U.S. President Joe Biden continued to voice confidence in his son, Hunter, on Tuesday after the junior Biden agreed to a plea deal with prosecutors on tax and gun charges.
Asked by reporters on his trip to California if he spoke to Hunter Biden on Tuesday, the president said "I'm very proud of my son." He did not respond when asked if he encouraged his son to take the plea deal.
Federal prosecutors in the U.S. state of Delaware announced the tentative agreement earlier Tuesday morning.
Hunter Biden has agreed to plead guilty to two counts of willful failure to pay federal income tax, and another count of illegal possession of a firearm by a drug user, U.S. Attorney for Delaware David Weiss wrote in a letter to the district court clerk.
The tax charges are misdemeanors, and Weiss wrote that Biden agreed to certain unspecified conditions with respect to the felony firearms charge. Details of the plea agreement were not immediately known but they will have to be accepted by a federal judge.
The gun charge is related to Biden's possession of a Colt Cobra .38 caliber handgun in October 2018, Weiss said in a separate court document. The gun was shipped and transported between states, he alleged.

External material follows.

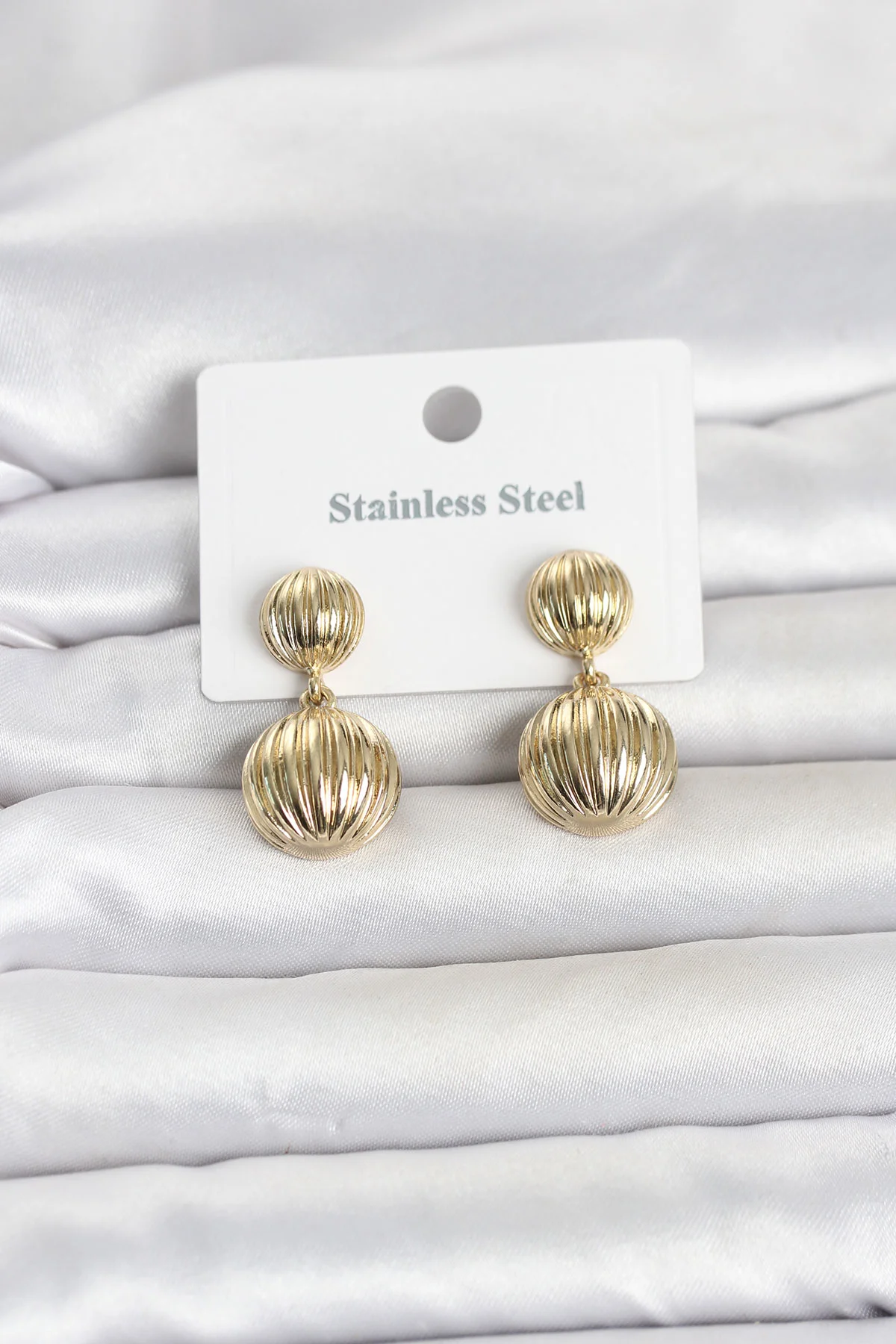 316L Çelik Gold Renk Vintage Model Kadın Küpe TJ-BKP11837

Republicans pounced on news of the agreement with former President Donald Trump, who is himself set to go to trial on 37 federal charges in August, saying the deal "cleared up hundreds of years of criminal liability by giving Hunter Biden a mere 'traffic ticket.'"
Hunter Biden has a long history of drug abuse and publicly acknowledged his struggle with addiction on multiple occasions during his path to recovery.
Weiss, the prosecutor leading the case, is an appointee of former President Donald Trump. The firearms charge carries a maximum penalty of 10 years imprisonment and a fine of $250,000.